The MEIS technique allows the determination of the composition and atomic structure of crystalline surfaces and interfaces. It typically uses H+ or He+ at incident energies in the 100-400 keV range. Similar to Rutherford Back Scattering (RBS), MEIS involves the energy analysis of scattered primary ions but generates much finer depth resolution. The picture on the left shows the analysis chambers for the MEIS facility at Daresbury, UK whereas the diagram below illustrates the whole MEIS setup at Daresbury. The picture actually shows three chambers, intro, preparation and analysis.
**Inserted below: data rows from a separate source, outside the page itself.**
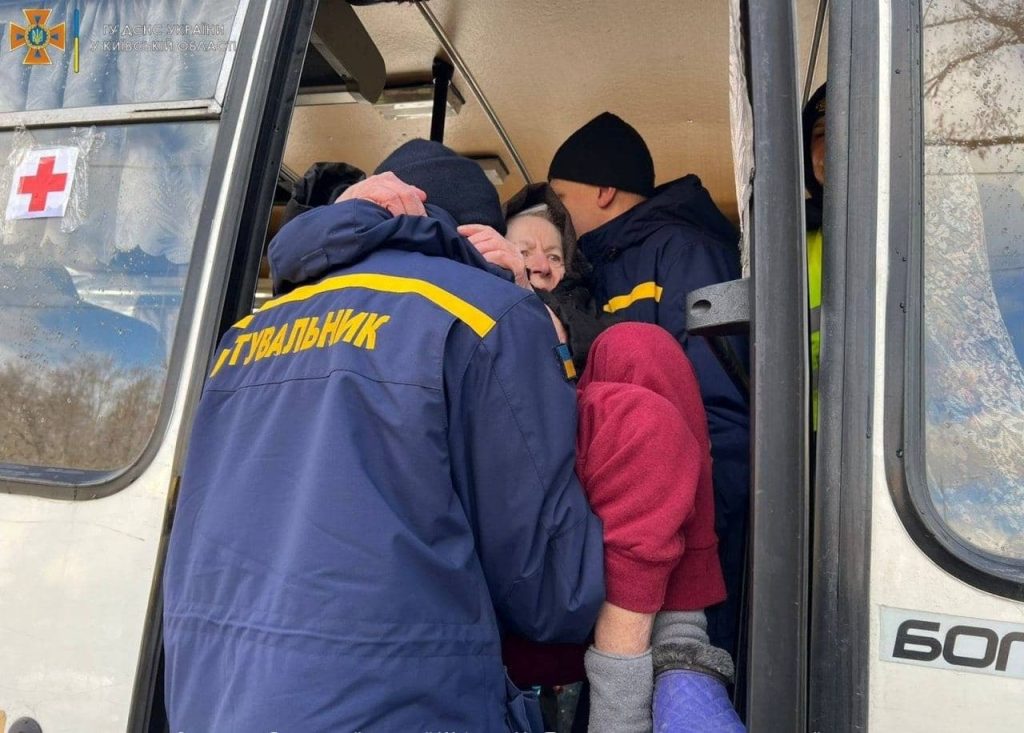 Доставка хліба, евакуація та вивезення поранених – поліцейські Лиману поруч із мешканцями громади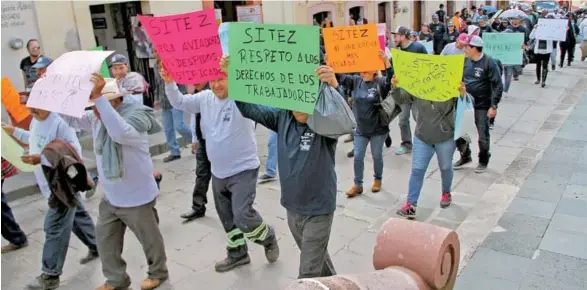  ??  ?? Trabajador­es despedidos tomaron las calles del centro histórico y la tribuna de la lxiii legislatur­a. / osvaldo marínez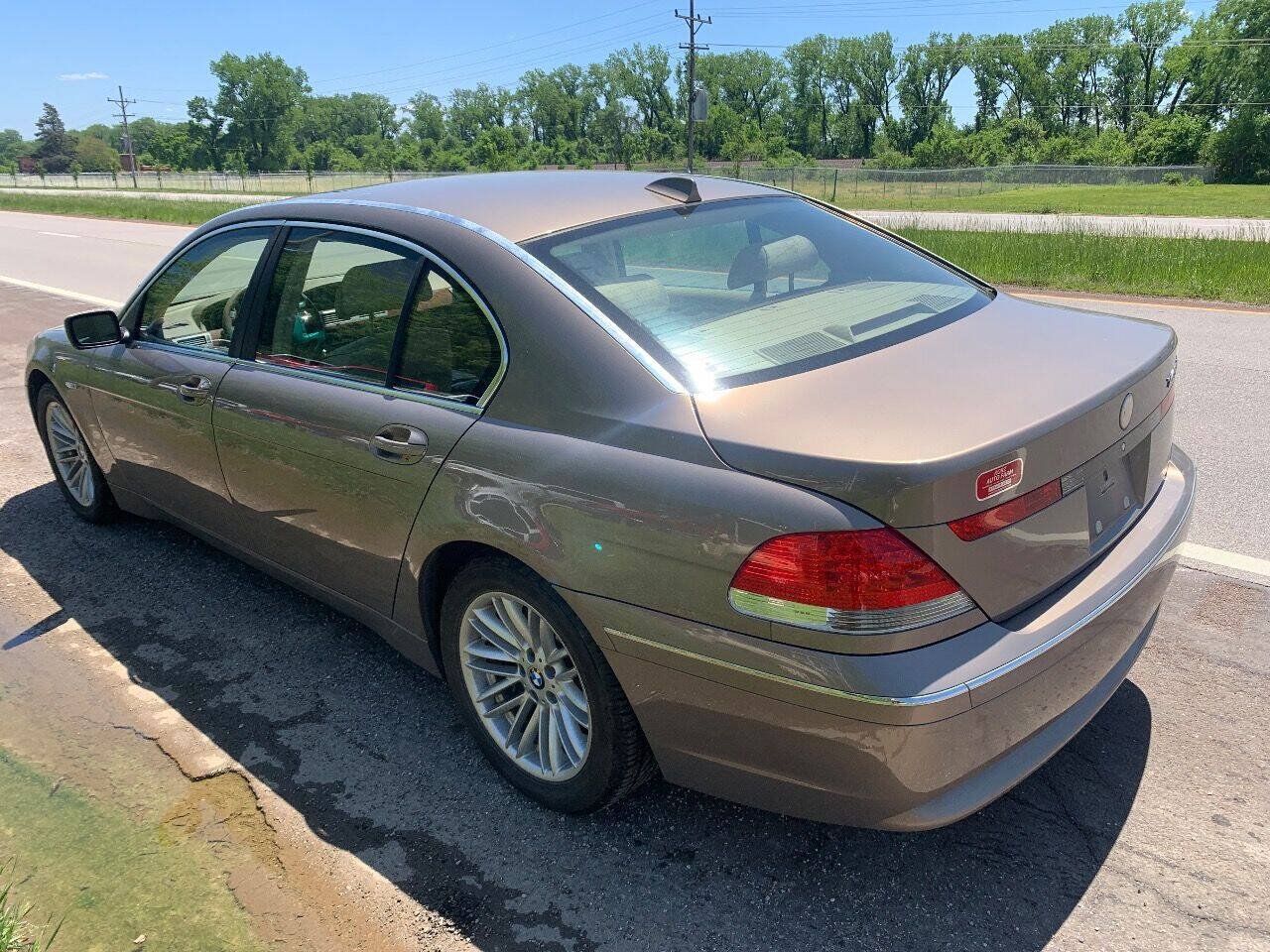 Used 2004 BMW 745Li RWD image 5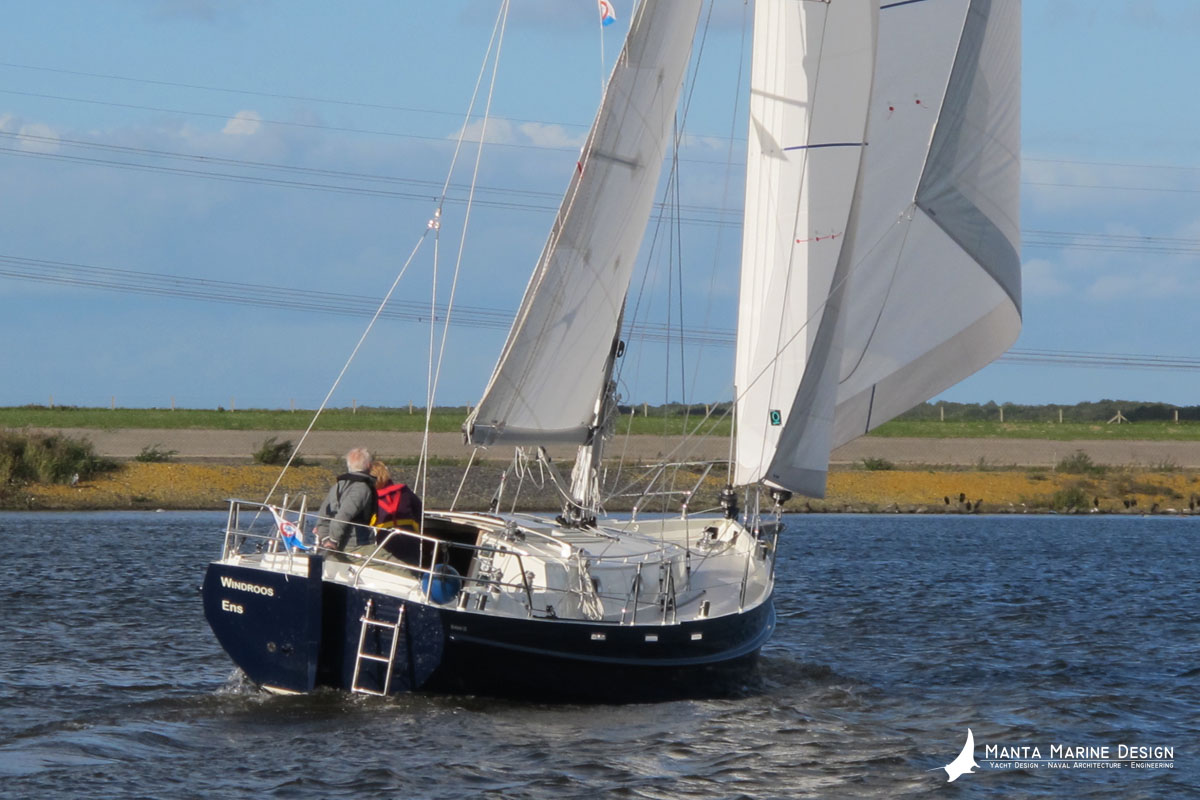 Bornrif 33SC shallow draft steel sailing yacht with centerboard - sailing3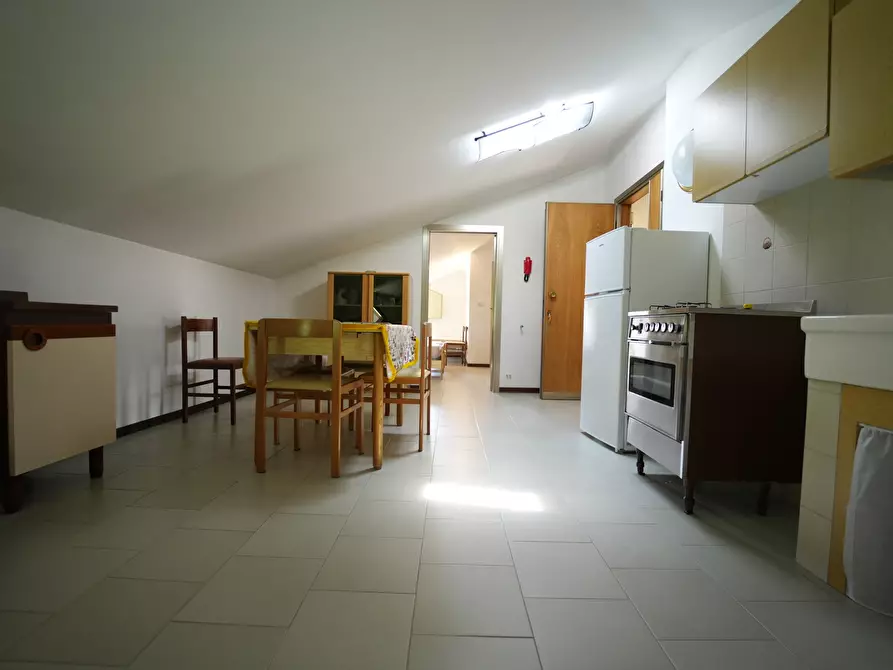 Immagine 7 di Bilocale in vendita  in Via C. Pisacane 23A a Cattolica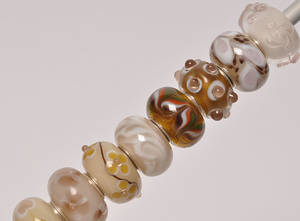 20 Charlotte Borgen beads i beige og brune  nuancer 20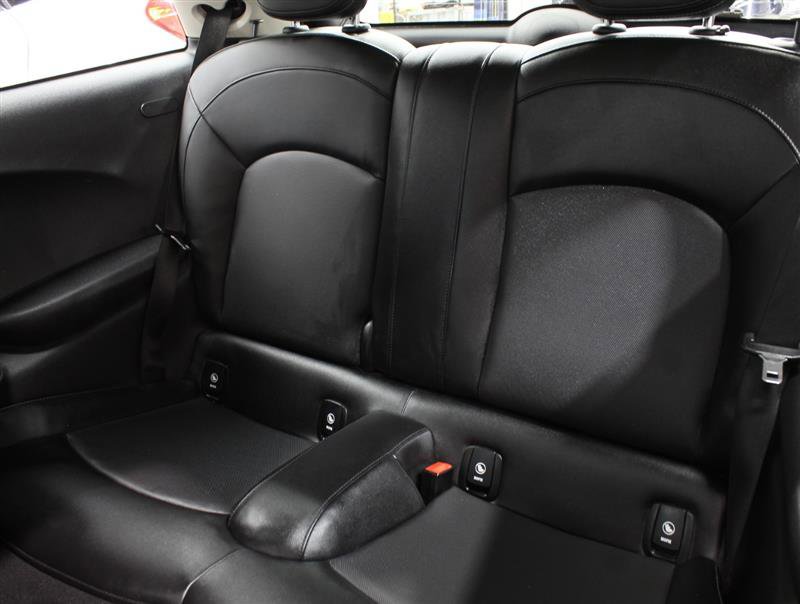 Used 2014 MINI Cooper 2-Door Hardtop FWD image 16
The MEIS technique exploits the use of elastic 'shadow cones' in both the incident and backscattering parts of the ion trajectory. The shadow cones are at much higher energies than in LEIS therfore they are much narrower. Narrower shadow cones makes it possible to probe deeper into the subsurface than in LEIS. Combined with improved structural sensitivity MEIS has the ability to obtain subsurface compositional information through the inelastic energy losses incurred as the ions penetrate further into the solid. When the ion beam is aligned with a crystallographic axis(as shown on the left) the surface atoms shadow deeper atoms from the ion beam. This alignment therefore makes the technique surface specific and, for a particular crystal, certain ingoing directions can allow the ion beam to illuminate only the top one, two, or three layers according to choice. Ions scattered from the second layer will have their outward paths blocked at certain angles by first layer atoms as illustrated on the left. These blocking cones are represented by dips in the spectra.